Image-caption web data

--------------------------------

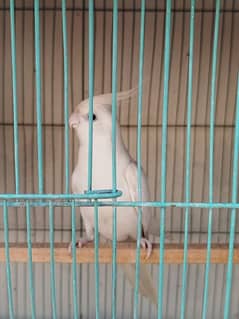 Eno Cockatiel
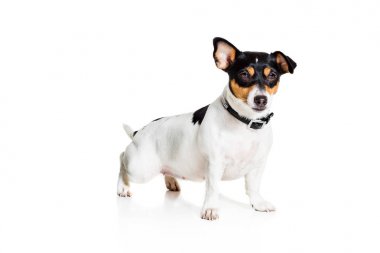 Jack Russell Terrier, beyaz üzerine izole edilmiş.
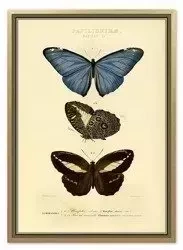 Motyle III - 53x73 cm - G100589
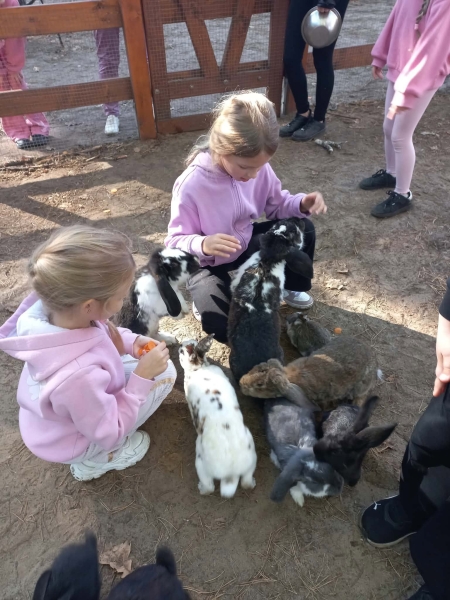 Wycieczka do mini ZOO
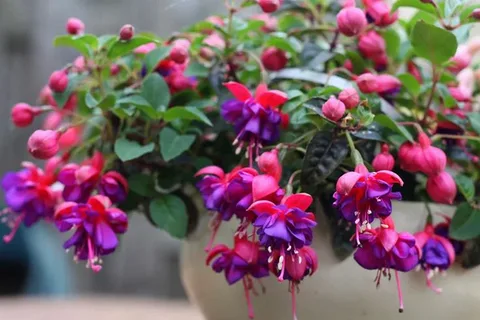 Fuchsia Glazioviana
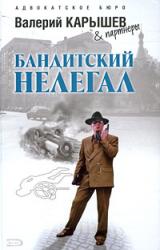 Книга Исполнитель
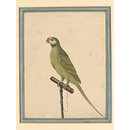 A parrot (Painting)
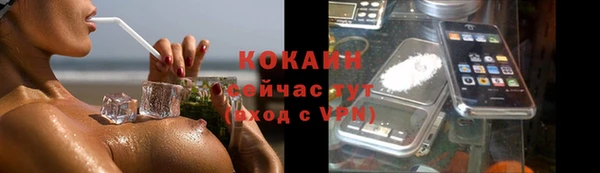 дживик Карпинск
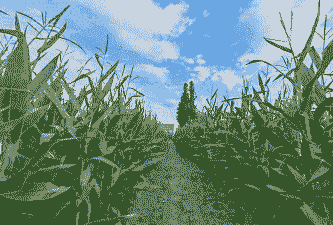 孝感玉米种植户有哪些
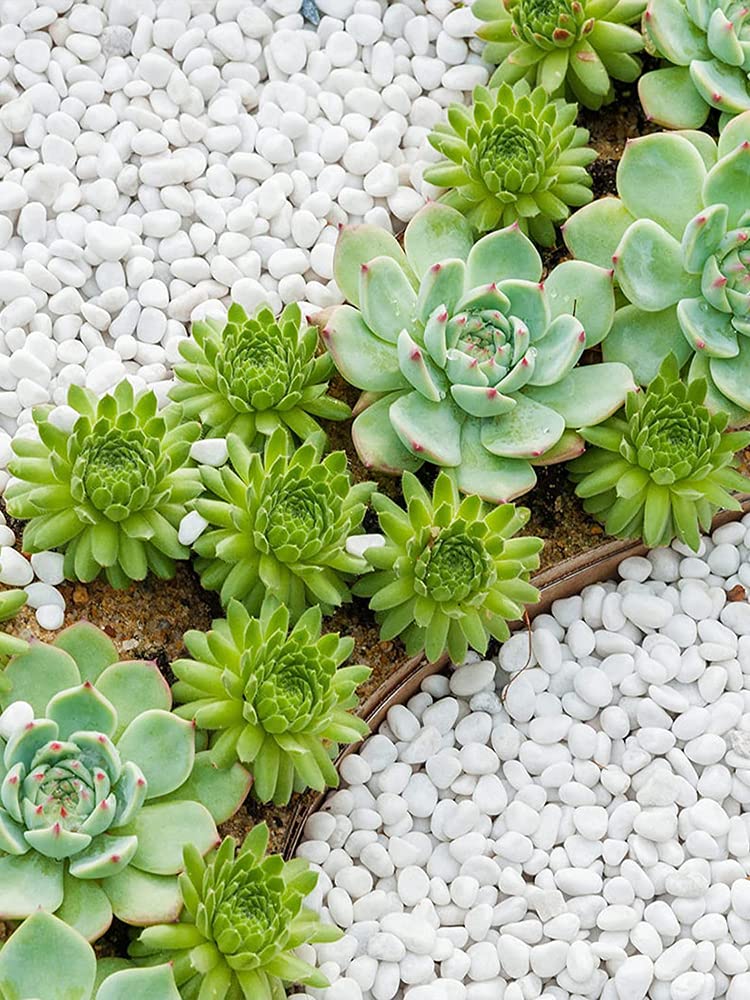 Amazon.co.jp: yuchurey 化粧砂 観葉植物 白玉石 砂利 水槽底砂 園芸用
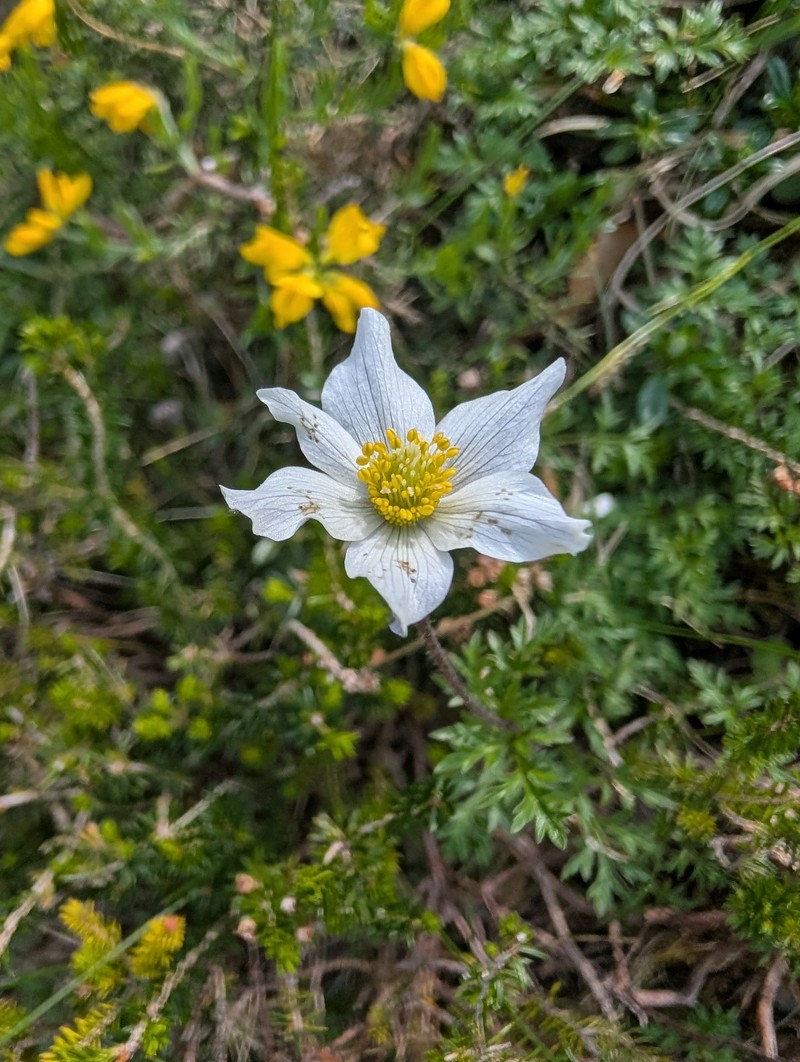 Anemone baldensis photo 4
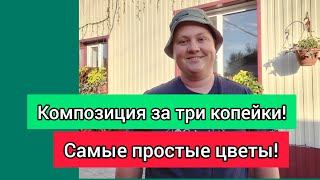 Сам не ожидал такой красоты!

--------------------------------

• Activity
Would you output the data exactly, without any of its images?

• Exercise solution
 Eno Cockatiel
 Jack Russell Terrier, beyaz üzerine izole edilmiş.
 Motyle III - 53x73 cm - G100589
 Wycieczka do mini ZOO
 Fuchsia Glazioviana
 Книга Исполнитель
 A parrot (Painting)
 дживик Карпинск
 孝感玉米种植户有哪些
 Amazon.co.jp: yuchurey 化粧砂 観葉植物 白玉石 砂利 水槽底砂 園芸用
 Anemone baldensis photo 4
 Сам не ожидал такой красоты!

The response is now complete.